In terms of the economic impact, we again can view the summarised information graphically:
g <- ggplot(NOAA_DAMAGE_TOTAL[1:5,], aes(x=reorder(EVTYPE, -EVTYPE_TOTALDAMAGE), y=EVTYPE_TOTALDAMAGE))
g + geom_bar(stat="identity", width = 0.5, fill="tomato2") +
theme(axis.text.x = element_text(angle=65, vjust=0.6)) +
labs(title = "Economic Damage per Event",
x = "Event Type",
y = "Monetary Value")
According to the above graph, hurricanes and hurricane/typhoon have the highest economic damage out of any weather event with floods coming in at a distant third.
Weather damage causes heavy personal and economic costs every year and are important to understand. Health impacts are very large while economic damage from certain events cost very large amounts of money every year to fix. As such it is important to understand what are the most harmful events in order to prepare for their eventualities as well as prioritise which events must be researched further.
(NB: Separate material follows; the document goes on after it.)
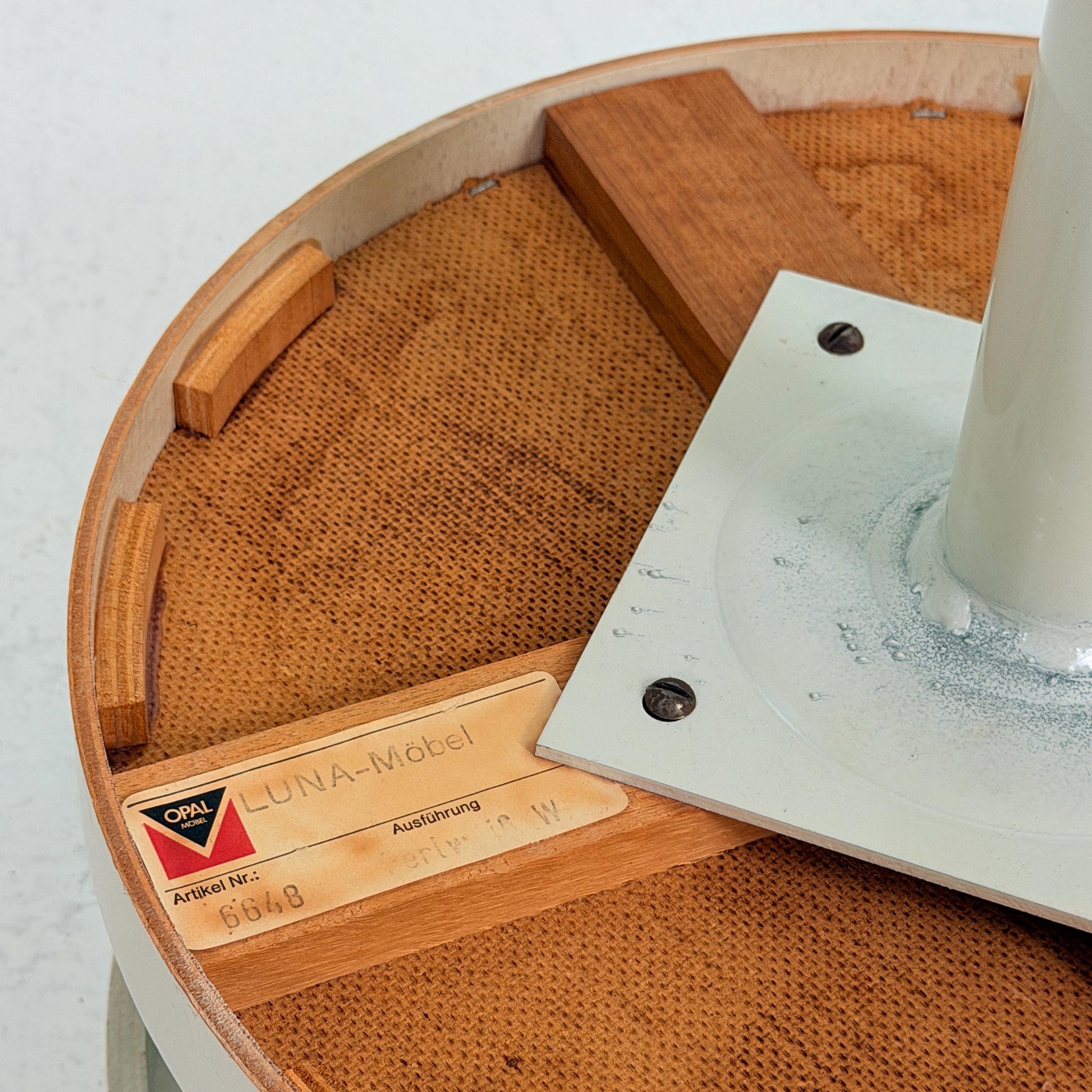 Mid-Century Space Age LUNA Side Table by Opal Germany, 1970s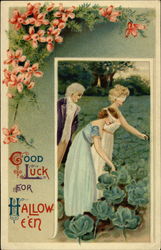 Good luck for Halloween Postcard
This study found that tornados by far are the most dangerous events for people while hurricanes cause the most damage economically to property and crops. It must be noted though that this study is limited by the records of event dating back before proper recording instruments were mainstream as well as a proper index of what the damge cost exponents are in the dataset.